As for poor Synthesis, he really has fallen so low in these days, that one cannot but pity him. He now goes about humbly after his brother, feeding on any scraps that are thrown to him, and is snubbed and rapped over the knuckles, and told one minute to hold his tongue and mind his own business, and the next that he has no business at all to mind, till he has got into such a poor way that some folks fancy he will die, and are actually digging his grave already, and composing his epitaph. But they are trying to wear the bear's skin before the bear is killed; for Synthesis is not dead, nor anything like it; and he will rise up again some day, to make good friends with his brother Analysis, and by his help do nobler and more beautiful work than he has ever yet done in the world.
So now Analysis has got the upper hand; so much so that he is in danger of being spoilt by too much prosperity, as his brother was before him; in which case he too will have his fall; and a great deal of good it will do him. And that is the end of my story, and a true story it is.
Now you must remember, whenever you have to do with him, that Analysis, like fire, is a very good servant, but a very bad master. For, having got his ******* only of late years or so, he is, like young men when they come suddenly to be their own masters, apt to be conceited, and to fancy that he knows everything, when really he knows nothing, and can never know anything, but only knows about things, which is a very different matter. Indeed, nowadays he pretends that he can teach his old grandmother, Madam How, not only how to suck eggs, but to make eggs into the bargain; while the good old lady just laughs at him kindly, and lets him run on, because she knows he will grow wiser in time, and learn humility by his mistakes and failures, as I hope you will from yours.
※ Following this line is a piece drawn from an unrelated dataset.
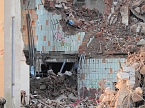 Abendlicht in der Ruine - Drei Steiff wird abgerissen (Foto: Peter Blei)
However, Analysis is a very clever young giant, and can do wonderful work as long as he meddles only with dead things, like this bit of lime. He can take it to pieces, and tell you of what things it is made, or seems to be made; and take them to pieces again, and tell you what each of them is made of; and so on, till he gets conceited, and fancies that he can find out some one Thing of all things (which he calls matter), of which all other things are made; and some Way of all ways (which he calls force), by which all things are made: but when he boasts in that way, old Madam How smiles, and says, "My child, before you can say that, you must remember a hundred things which you are forgetting, and learn a hundred thousand things which you do not know;" and then she just puts her hand over his eyes, and Master Analysis begins groping in the dark, and talking the saddest nonsense. So beware of him, and keep him in his own place, and to his own work, or he will flatter you, and get the mastery of you, and persuade you that he can teach you a thousand things of which he knows no more than he does why a duck's egg never hatches into a chicken. And remember, if Master Analysis ever grows saucy and conceited with you, just ask him that last riddle, and you will shut him up at once.
And why?
Because Analysis can only explain to you a little about dead things, like stones--inorganic things as they are called. Living things--organisms, as they are called--he cannot explain to you at all. When he meddles with them, he always ends like the man who killed his goose to get the golden eggs. He has to kill his goose, or his flower, or his insect, before he can analyse it; and then it is not a goose, but only the corpse of a goose; not a flower, but only the dead stuff of the flower.
And therefore he will never do anything but fail, when he tries to find out the life in things. How can he, when he has to take the life out of them first? He could not even find out how a plum- pudding is made by merely analysing it. He might part the sugar, and the flour, and the suet; he might even (for he is very clever, and very patient too, the more honour to him) take every atom of sugar out of the flour with which it had got mixed, and every atom of brown colour which had got out of the plums and currants into the body of the pudding, and then, for aught I know, put the colouring matter back again into the plums and currants; and then, for aught I know, turn the boiled pudding into a raw one again,-- for he is a great conjurer, as Madam How's grandson is bound to be: but yet he would never find out how the pudding was made, unless some one told him the great secret which the sailors in the old story forgot--that the cook boiled it in a cloth.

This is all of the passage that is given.